Since Java 8, repeating annotations enable the same annotation to be repeated multiple times in the place where it is declared. Obviously, this repeatable application of annotations has an effect on determining the multiplicity of the ExtensionEnd contained by the Extension relationship. In case of repeating annotations, the multiplicity should be 0..*, which expresses that the corresponding stereotype can also be applied to base elements3 multiple times. However, the UML standard introduces an OCL constraint, see page 683 of the standard [61], that explicitly hinders the application of the same stereotype to the same base element more than once. As shown in Listing 3, the OCL constraint restricts the upper bound of the extension end to 1.

When considering a stereotype as a means to classify base elements, the restriction on the upper bound of the extension end seems reasonable. Classifying the same base element twice by the same stereotype is obviously inappropriate. In contrast, when considering a stereotype as a means to annotate base elements, there are use cases for applying the same stereotype to a base element multiple times. For instance, in the context of model versioning dedicated stereotypes can be used to visualize changes to a model element, e.g., “update class,” and highlight potential conflicts, e.g., contradicting updates to a class, as a result of concurrently edited model versions [12]. As updates to classes may be manifold, the respective stereotype is ideally applied to the changed class several times where each atomic change is captured by exactly one applied stereotype. To give another example, expressing several queries for an entity with the JPA profile require to apply the NamedQuery stereotype multiple times. As a result, even though repeating stereotypes in analogy to repeating annotations are currently not supported by standard UML, they are still desirable.

3 Repeating stereotypes

To realize repeating stereotypes, several solutions are conceivable. Table 1 summarizes three such possible solutions and shows pros and cons for all of them. Concerning the UML metamodel and tools that depend on it, we refer to the Eclipse-based reference implementation.
Table 1

Possible solutions for repeating stereotypes



Changes in UML metamodel and tools

Backward compatibility

Repeatable application


UML metamodel


Composition of multiple stereotypes

Not supported only contained by a dedicated stereotype

Explicitly modeled

Not required



Emulation of repeating stereotypes

Supported but contained by a dedicated stereotype

Automatically generated

Yes, moderate effort



Native support for repeating stereotypes


Not required

Yes, relatively high effort



The first solution is fully compliant to the current UML standard.
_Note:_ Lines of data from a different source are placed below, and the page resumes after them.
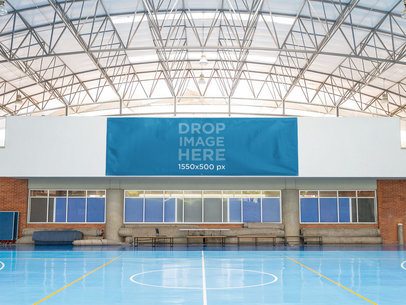 Big Horizontal Banner Mockup at a Gymnasium a10587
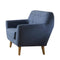 Chairs Wooden Chair - 35" X 31" X 35" Blue Linen Chair HomeRoots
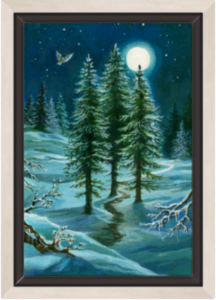 Cadre argent de la toile Trois de Bâtons de Florence Magnin au format S (A4)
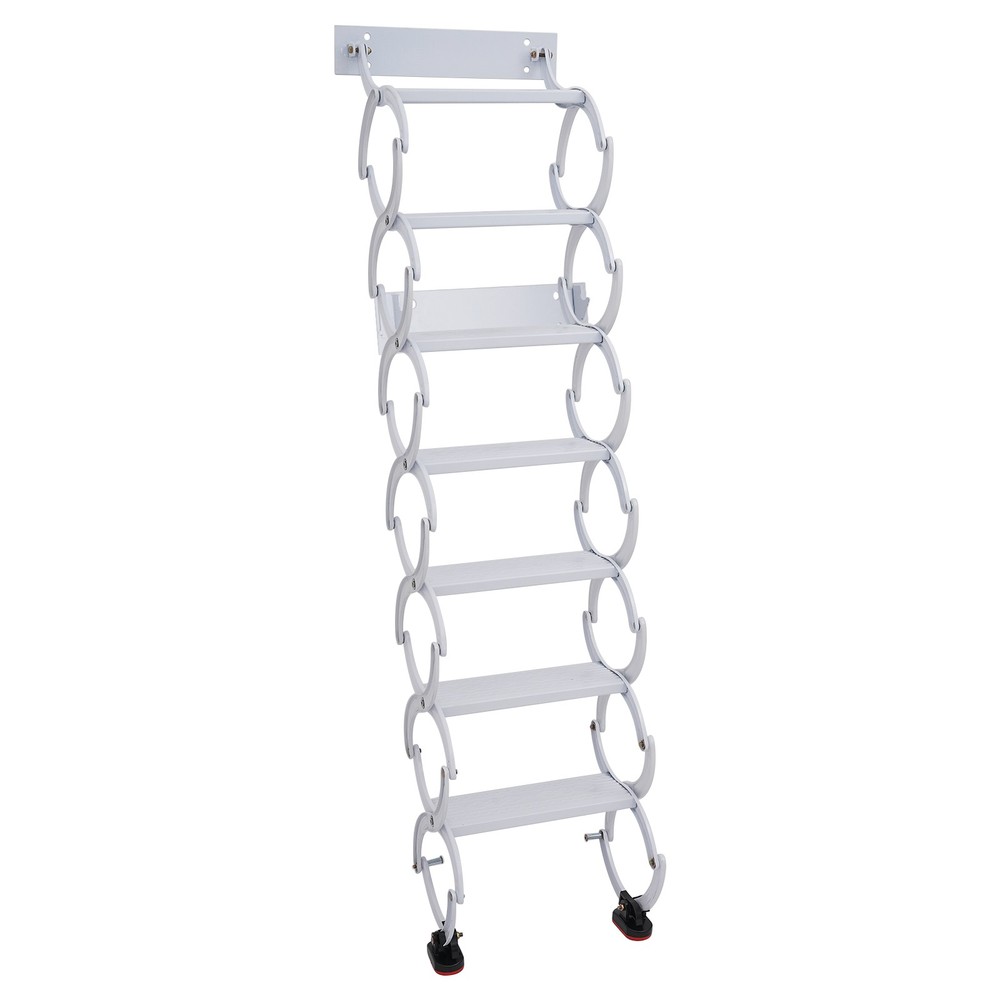 7 Steps Wall Mounted Retractable Ladder Pull Down Telescoping Step Ladders Attic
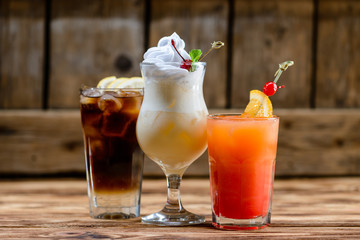 alcoholic cocktails, rum cola drinks, pina colada and beach sex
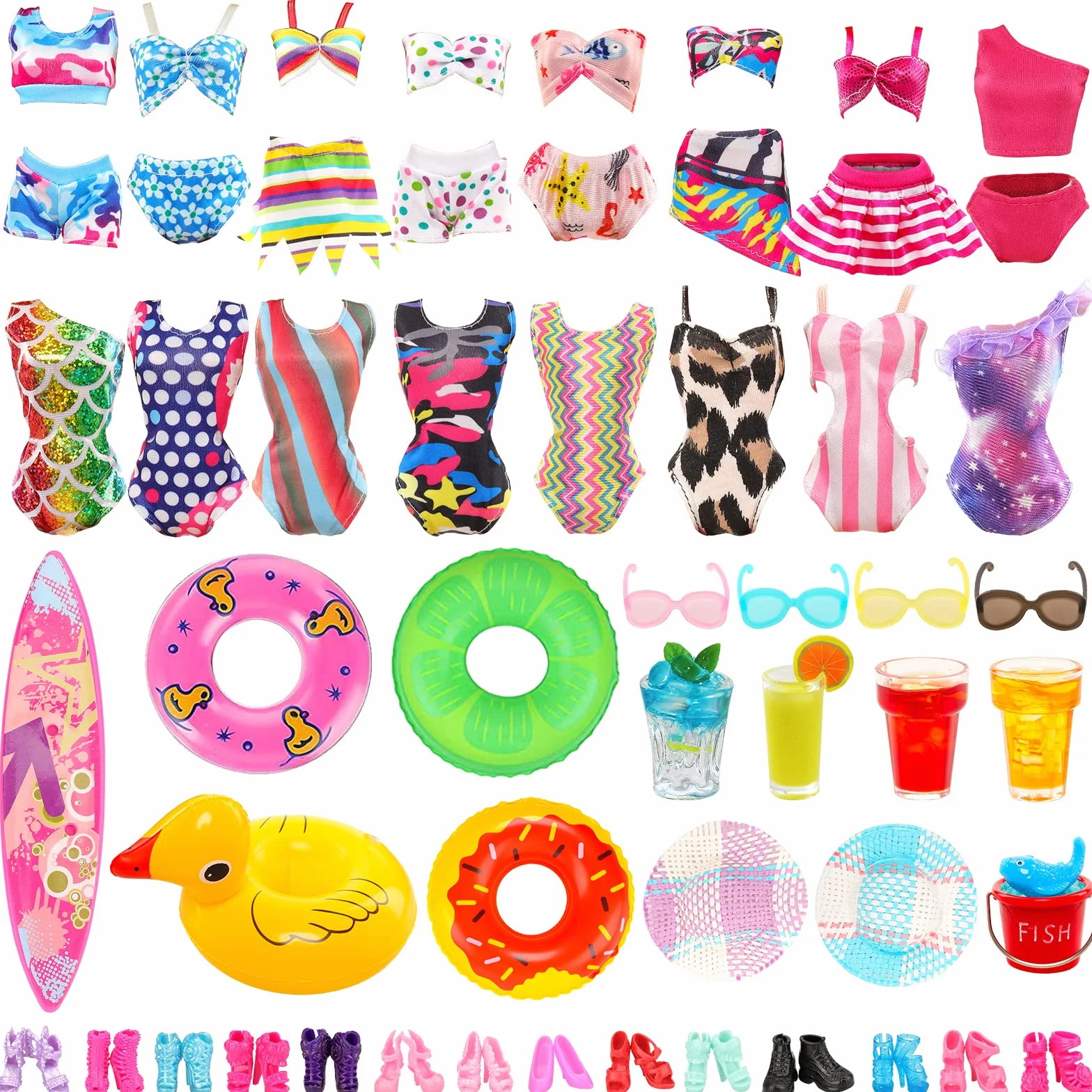 Miunana 31 Accessori Per 11.5 Pollici 28 - 30 CM Bambola: 10 Costumi Da Bagno + 10 PCS Scarpe + 11 Accessori (Selezionati A Caso)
In fact, it does not actually apply several stereotypes to a base element. Instead, a dedicated stereotype acts as a container for the repeating stereotypes. This solution foresees that the container stereotype is explicitly created by the modeler. As a result, changes to the UML metamodel and tools built on top of its API are not required because the repeating stereotypes are only referenced by their container stereotypes rather than applied to base elements. On the contrary, however, standard operations, for instance, to apply stereotypes and retrieve them, are not applicable by this solution for repeating stereotypes as they provide the expected result only for stereotypes that are applied following the standard procedures. This drawback is compensated by the second solution. It emulates repeating stereotypes as a result of slight modifications to the operations provided for stereotypes. Even though, similarly to the first solution, a container stereotype is exploited also by the second solution, this container is automatically generated on demand. Moreover, as a result of the modifications required by this solution, all standard operations for stereotypes are applicable also to repeating stereotypes. However, the extension ends pointing to them need to be multivalued to ensure that they can be applied multiple times. Consequently, this solution neglects the multiplicity constraint of the ExtensionEnd meta-class, which in turn leads to profiles that do not fully conform to the current UML metamodel. Still, the compatibility with existing tools can be ensured because the required changes can completely be hidden by the UML metamodel API. This backward compatibility cannot be maintained by the third solution. To natively support repeating stereotypes without providing a dedicated container stereotype requires not only changes in the UML metamodel API but also how they are represented and edited by the tools. For instance, applied stereotypes are represented according to unique categories to which also their features are assigned, where the category is derived from the name of a stereotype. Applying the same stereotype multiple times to the same base element would result in a single category to which all the features of the applied stereotypes are assigned.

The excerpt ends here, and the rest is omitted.